Timeseries Foundation Models for Mobility: A Benchmark Comparison with Traditional and Deep Learning Models
Anita Graser
TL;DR
The paper benchmarks time-series foundation models, particularly TimeGPT, for mobility forecasting against traditional ARIMA/SARIMA and deep-learning baselines using BikeNYC and BikeVIE datasets across horizons $1$, $12$, and $24$ hours. It finds that TimeGPT delivers strong $1$-hour forecasts on BikeNYC but its advantage diminishes at longer horizons, where Seasonal Naive can perform better; on BikeVIE, TimeGPT shows limited gains with substantial uncertainty at $12$ and $24$ hours. The authors highlight potential evaluation-data leakage as a major concern for generalization and advocate testing on unseen datasets. They conclude that foundation models can be viable in data-sparse mobility scenarios and recommend incorporating exogenous covariates to bolster predictive robustness in future work.
Abstract
Crowd and flow predictions have been extensively studied in mobility data science.

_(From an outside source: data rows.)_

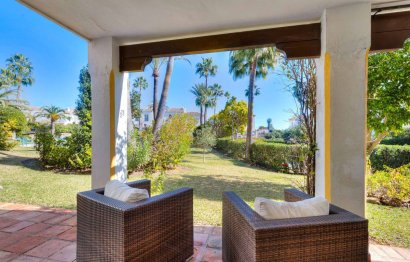 Resale - House - Townhouse - Estepona - Estepona Centro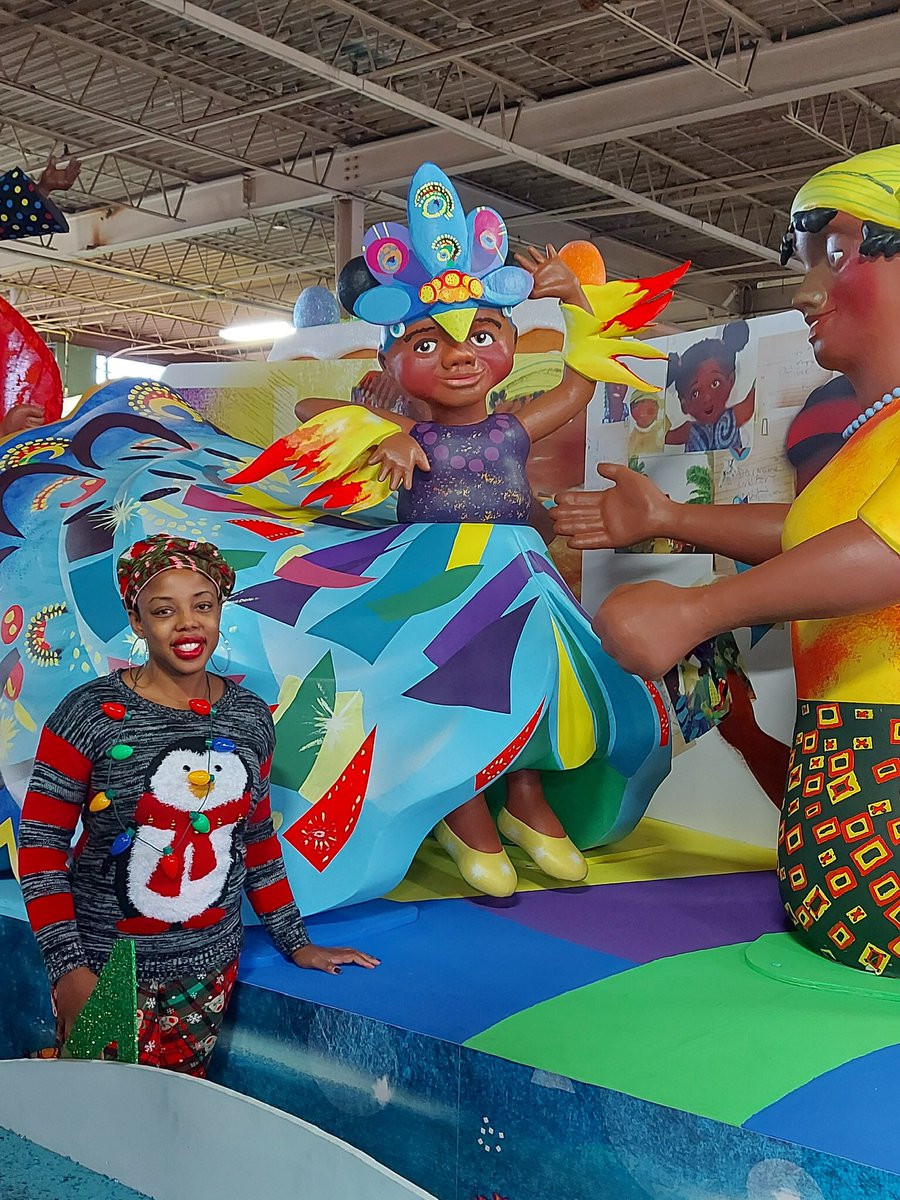 nadialhohn's tweet photo. #tbt
At this time in 2021, I announced the #MalaikasCostume float in the @TOSantaParade.
To watch my video, #FROMPAGETOSTAGE, visit the link in my bio or https://t.co/OrZt6OG4mo
@GroundwoodBooks @scholasticCDA @Ed_Scholastic #lecostumedeMalaika #Malaikaseries @kidsbookcentre https://t.co/2VmDAnSbiT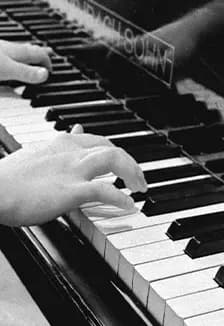 Весеннее настроение. Концерт в выставочном пространстве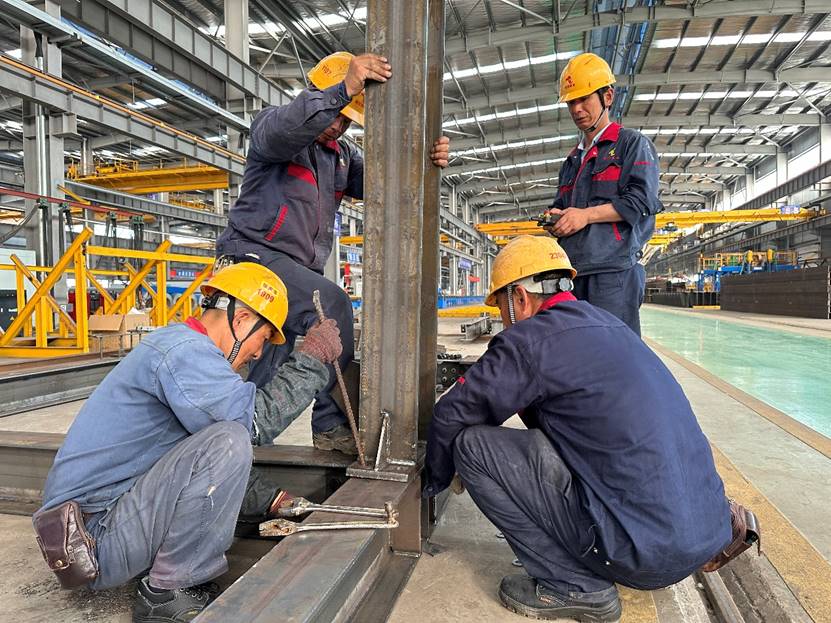 鋼構(gòu)公司開(kāi)展鋼結(jié)構(gòu)構(gòu)件安裝演練 鋼構(gòu)公司開(kāi)展鋼結(jié)構(gòu)構(gòu)件安裝演練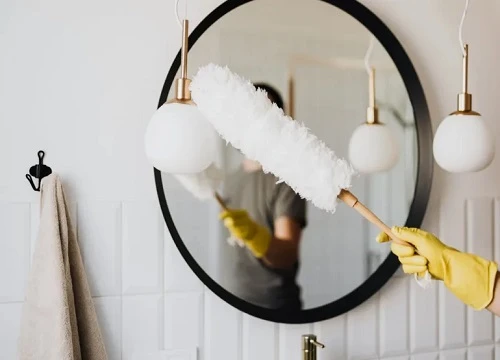 Clean the mirror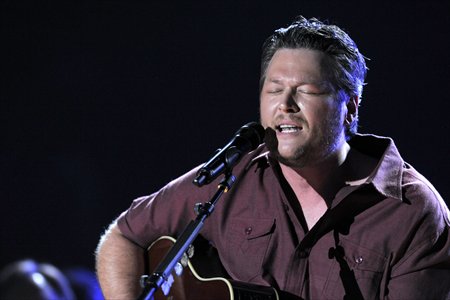 Blake Shelton performs at the Country Music Awards in Las Vegas on April 7. Photo: IC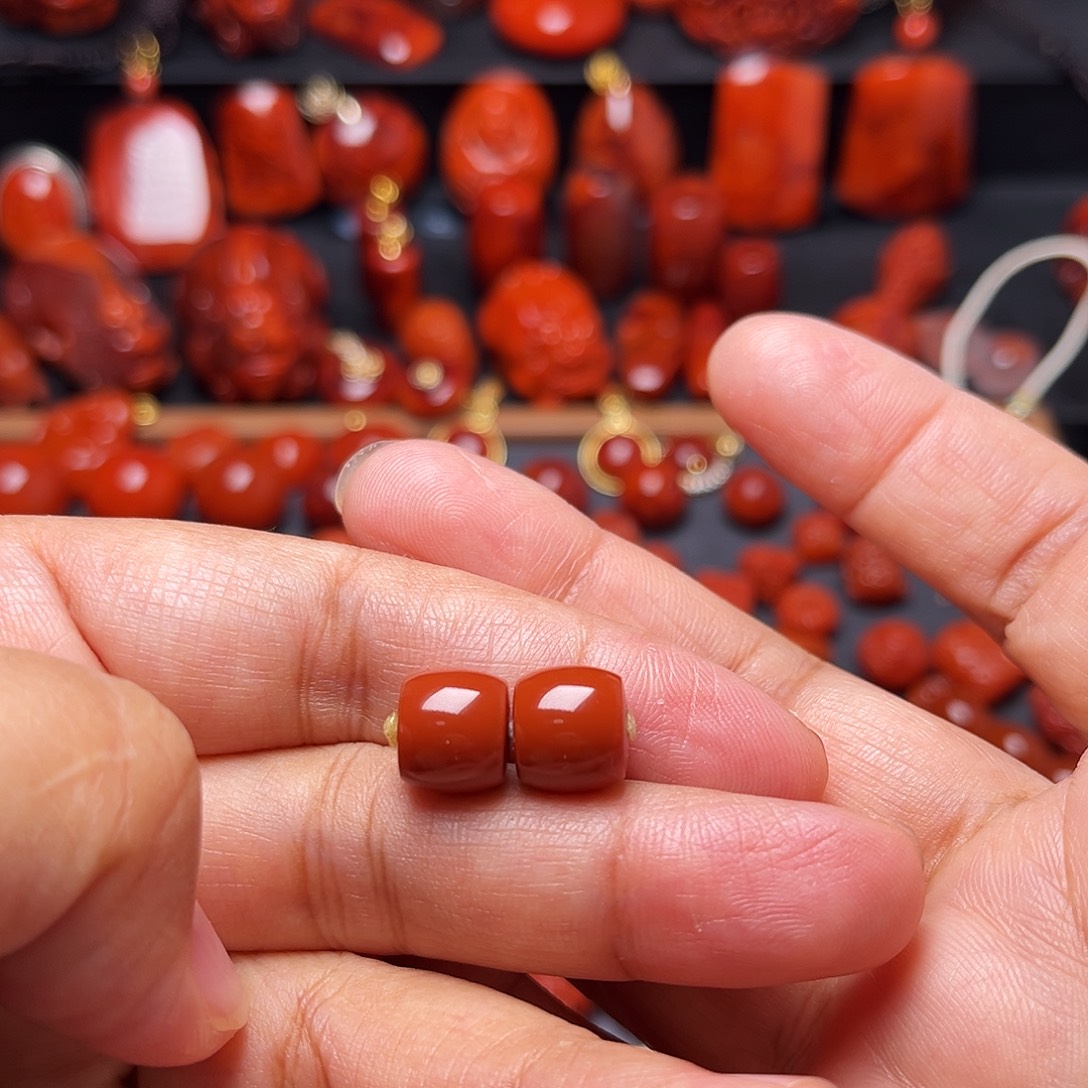 南红玛瑙未镶嵌配饰满色满肉直切对珠10mm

Traditional forecasting methods have relied on statistical models such as ARIMA, later supplemented by deep learning approaches like ST-ResNet. More recently, foundation models for time series forecasting, such as TimeGPT, Chronos, and LagLlama, have emerged. A key advantage of these models is their ability to generate zero-shot predictions, allowing them to be applied directly to new tasks without retraining. This study evaluates the performance of TimeGPT compared to traditional approaches for predicting city-wide mobility timeseries using two bike-sharing datasets from New York City and Vienna, Austria. Model performance is assessed across short (1-hour), medium (12-hour), and long-term (24-hour) forecasting horizons. The results highlight the potential of foundation models for mobility forecasting while also identifying limitations of our experiments.